Key facts about John A. Bingham, an influential congressman during the American Civil War and Reconstruction eras, who drafted the first section of the Fourteenth Amendment of the United States Constitution.
- John Armor Bingham
- January 21, 1815
- Mercer, Pennsylvania
- Hugh and Ester (Bailey) Bingham
- Franklin College (2 years)
- Military officer
- U.S. Congressman
- Major (USVA)
- United States Minister to Japan
- Amanda Bingham (1844)
Place of Death:
- Cadiz, Ohio
Date of Death:
- March 19, 1900
Place of Burial:
- Union Cemetery in Cadiz, Ohio
- John Bingham’s mother died when he was twelve years old and for unknown reasons, the boy moved to Cadiz, Ohio to live with his uncle, Thomas Bingham.
- During his youth, John Bingham served as a printer’s apprentice for the Luminary, an Anti-Masonic newspaper in Mercer, Pennsylvania.
- John Bingham attended Mercer Academy and then Franklin College in New Athens, Ohio, for two years.
- John Bingham studied law under two prominent Pennsylvania lawyers, John J. Pierson and William Stuart.
- John Bingham was admitted to the bar in Ohio on October 14, 1841.
- In 1844, John Bingham married his first cousin, Thomas Bingham’s daughter Amanda Bingham.
- Their marriage lasted forty-seven years until Mrs. Bingham’s death in 1891, and it produced three children.
- While living in Cadiz, Ohio, John Bingham became active in politics as a member of the Whig Party.
- In 1846, Tuscarawas County voters elected John Bingham to the office of prosecuting attorney, a position he held until 1849.

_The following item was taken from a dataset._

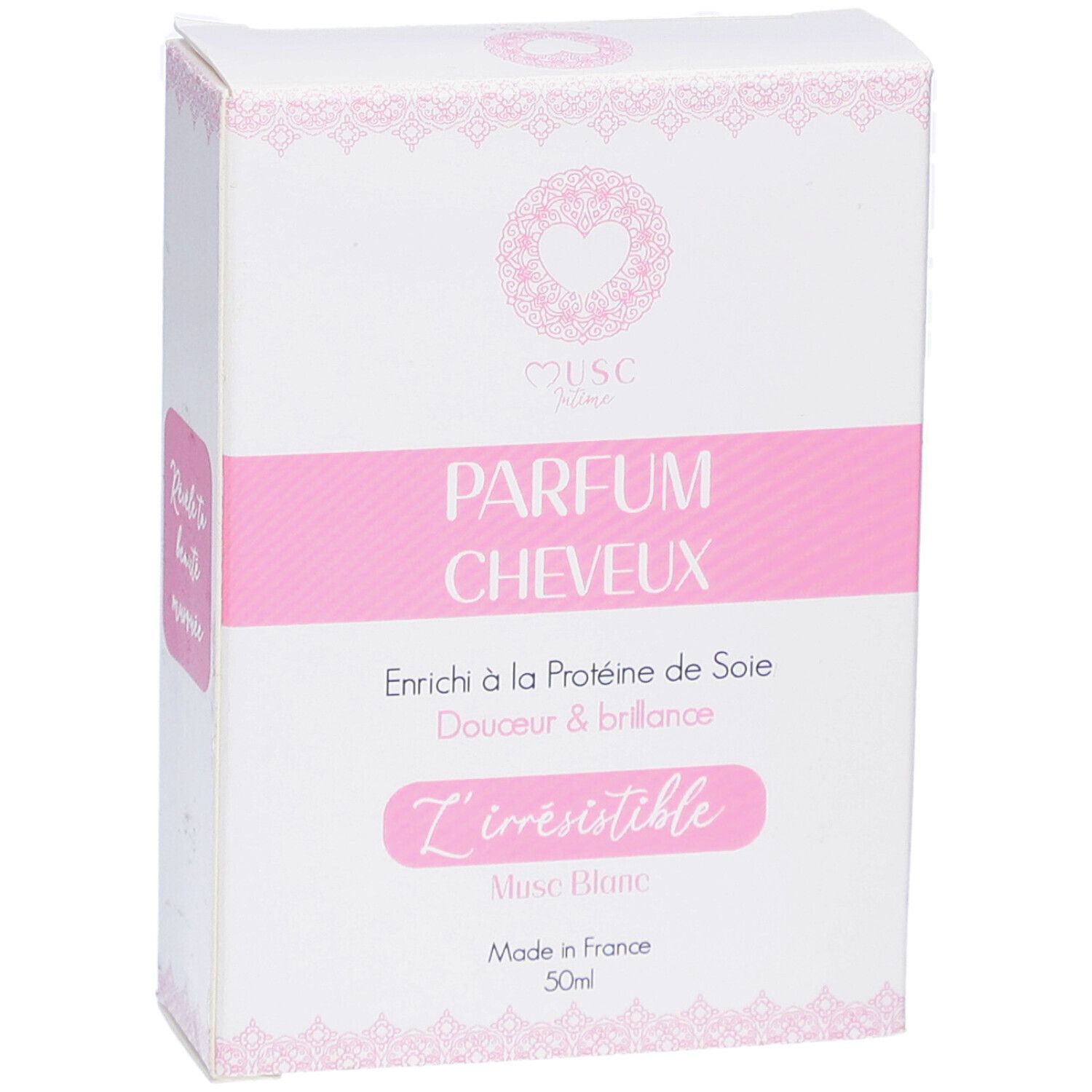 Witte doos met roze accenten. Tekst: PARFUM CHEVEUX, L'irrésistible, Musc Blanc, Made in France, 50ml.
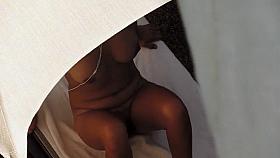 Curvy woman with a hairy labia relaxes under an umbrella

- In 1854, voters from Ohio’s Twenty-first Congressional District elected John Bingham to the United States House of Representatives. Reelected to three more successive terms, Bingham served in the Thirty-fourth through the Thirty-seventh Congresses from March 1857 to March 1863.
- During his early years in Congress, John Bingham consistently supported anti-slavery legislation.
- During the Civil War, John Bingham staunchly defended the Union cause and drifted toward the Radical element of the Republican Party.
- Joseph W. White defeated John Bingham in his bid to return to Congress in the 1862 elections.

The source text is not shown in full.